My weekends are becoming beyond predictible. On Saturday's I spent a couple of hours with my mom and then do whatever housework I can manage. This Saturday I went over the top a bit, and scrubbed my husband's shower (it was beyond gross), cleaned both bathrooms and straightend up the house. I (of course) took breaks between each task, but still managed to overdo it. Saturday evening I agreed to go with my husband to the neighbors for dinner - managed to stay until 9:30 in a feeble attempt to spend time with him, only to leave by myself and for him not to come home until 1am. This is becoming a constant, predictible outcome as well. Needless, to say I was down for the count all day yesterday. I'm asking myself what did I gain from any of that?
If only we could find things to do together now that accomodate my illness, If only he would be considerate enough to come home with me occassionally, If only I felt as if he was making an effort.
I know it seems like a lot of whining and I apologize in advance - but this is where my life is right now, this constant state of figuring out, and adjustment, and realizations.

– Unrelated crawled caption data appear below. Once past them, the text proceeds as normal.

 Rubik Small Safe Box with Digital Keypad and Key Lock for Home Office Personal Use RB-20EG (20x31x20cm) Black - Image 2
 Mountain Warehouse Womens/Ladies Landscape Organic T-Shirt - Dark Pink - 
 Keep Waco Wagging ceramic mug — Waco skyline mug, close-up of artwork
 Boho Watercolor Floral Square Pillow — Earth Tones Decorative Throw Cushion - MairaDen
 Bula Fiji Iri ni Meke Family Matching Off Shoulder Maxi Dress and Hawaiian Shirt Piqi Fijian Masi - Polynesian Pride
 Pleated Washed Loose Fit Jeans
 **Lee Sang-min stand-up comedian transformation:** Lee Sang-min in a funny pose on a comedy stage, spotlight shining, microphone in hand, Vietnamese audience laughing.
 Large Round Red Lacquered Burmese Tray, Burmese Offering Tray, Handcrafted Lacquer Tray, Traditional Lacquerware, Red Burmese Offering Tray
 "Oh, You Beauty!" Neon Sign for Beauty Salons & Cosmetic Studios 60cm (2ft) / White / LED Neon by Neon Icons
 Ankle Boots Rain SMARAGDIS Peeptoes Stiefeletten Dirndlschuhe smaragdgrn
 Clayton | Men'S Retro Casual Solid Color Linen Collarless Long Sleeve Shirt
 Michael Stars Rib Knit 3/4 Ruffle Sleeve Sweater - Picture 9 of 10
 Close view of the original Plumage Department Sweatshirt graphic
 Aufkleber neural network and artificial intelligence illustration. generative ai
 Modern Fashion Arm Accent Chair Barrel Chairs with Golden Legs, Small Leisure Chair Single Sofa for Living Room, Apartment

In other news, I gave my doc note to my employer, as I expected they wanted to send me out on disability because they could not accomodate such a broad request, nor can they accomodate my working from home. I have agreed to finalize the agreement to work 4 days per week and continued flexibility on morning arrivals. I have been informed they absolutely can not accomodate me past this. I'm hopeful that I'll be ok with this, I'm also still planning for if I'm not.